The bulk of the episode involved Donna and Cleveland tricking one another, in classic sitcom fashion. She faked a severe injury to get him to appreciate the housework she does, and have him do it for a while, while Cleveland tricked her into thinking she wanted to do the housework. It's the age-old debate of men's and women's domestic roles and responsibilities.
For most families, I think the reality is summed up in the opening montage of Cleveland sitting on his butt all weekend watching sports and drinking while Donna cooked, cleaned and corralled the kids. Cleveland proved more than capable of managing the tasks, but he was even better at convincing Donna that her self-identity was tied up in those things.
It's an eerie reflection of the roles many take in our lives, but I don't think it's because men are as devious and malicious as Cleveland. First of all, we'd have to do all that work for awhile to convince the women that they should be doing it, and it looks hard. Plus, the game's on.

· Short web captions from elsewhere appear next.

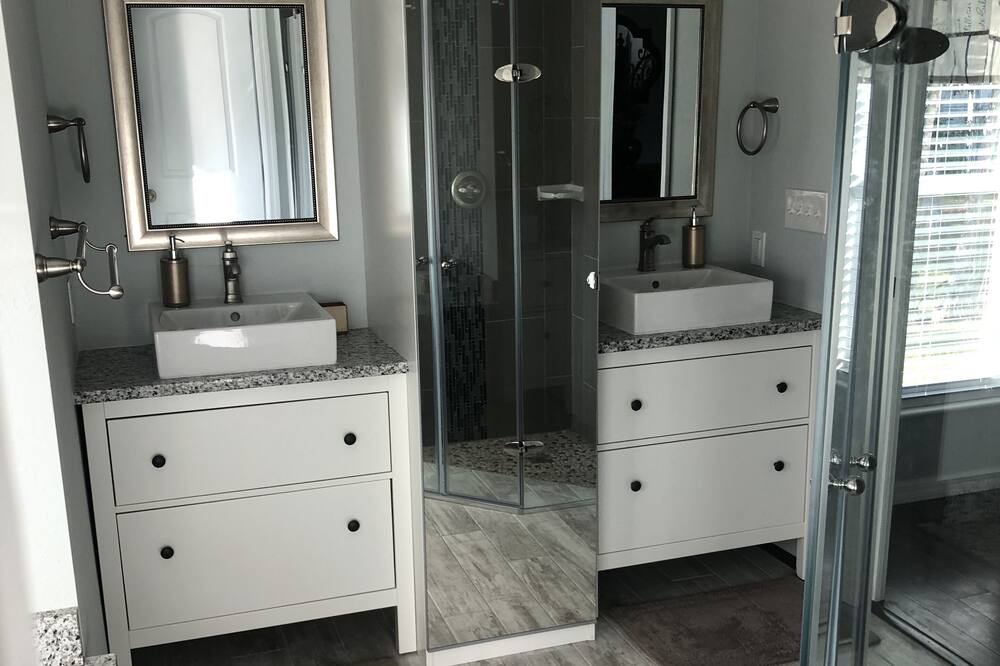 Photo of Bathroom in Rural Estates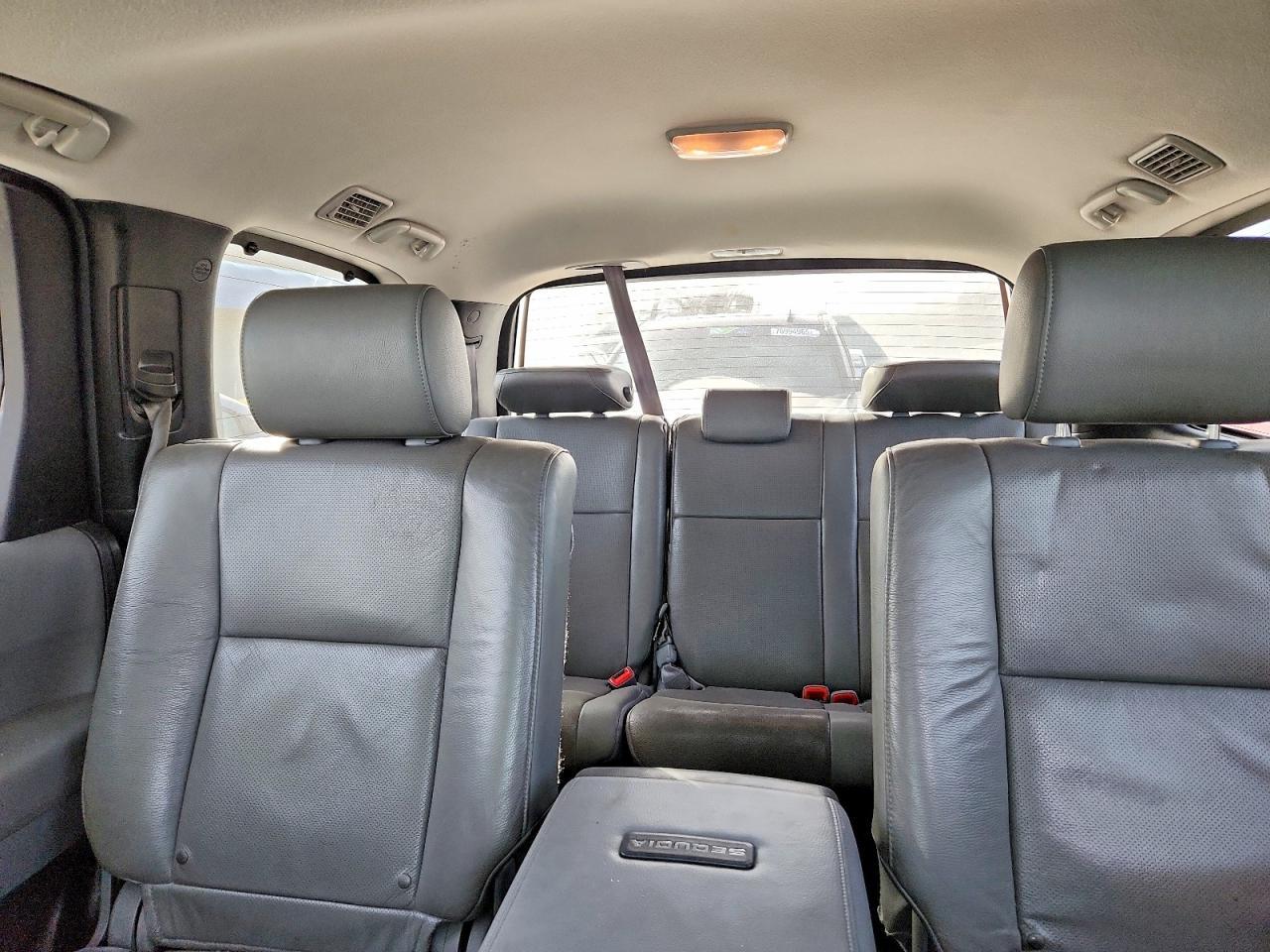 2015 TOYOTA Sequoia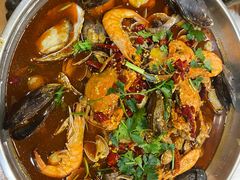 -老东镇啤酒屋海鲜加工·蒸汽海鲜·海鲜烧烤(台东店)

The holiday episode took on a much sweeter tone, as the main story involved Rallo and an elderly Jewish man at a retirement home becoming friends despite their passive racism of one another's people. It briefly touched on the subject of quality of life vs. quantity of years, which we struggle with in this country, but it was more of a simple reminder that the issue is out there, and not a direct tackling of it as MacFarlane has done for other hot-button topics.
Instead, he spent the other side of the episode exploring what a jerk Cleveland's parents are to him, and apparently have been for years. His weak and whiny tendencies come from years of literally having to fight his father, and lose, in an attempt to get presents, and being presumed a homosexual because he didn't fit their ideal of what a man was. I wonder if his dad would have been proud of how his son pulled one over on Donna in the next episode.
With all the old people tottering around, MacFarlane did get a dig in on CBS by declaring that the elderly are our most precious resource, followed by a declaration that we were watching CBS. They also managed to get in a dig at 'True Blood' as well, with Donna calling it some gay guy's nightmare. All in all, it was good to see both shows back in form after a disappointing outing last weekend.
'The Cleveland Show,' 'Family Guy' and 'American Dad' air Sundays, from 8:30PM ET on FOX.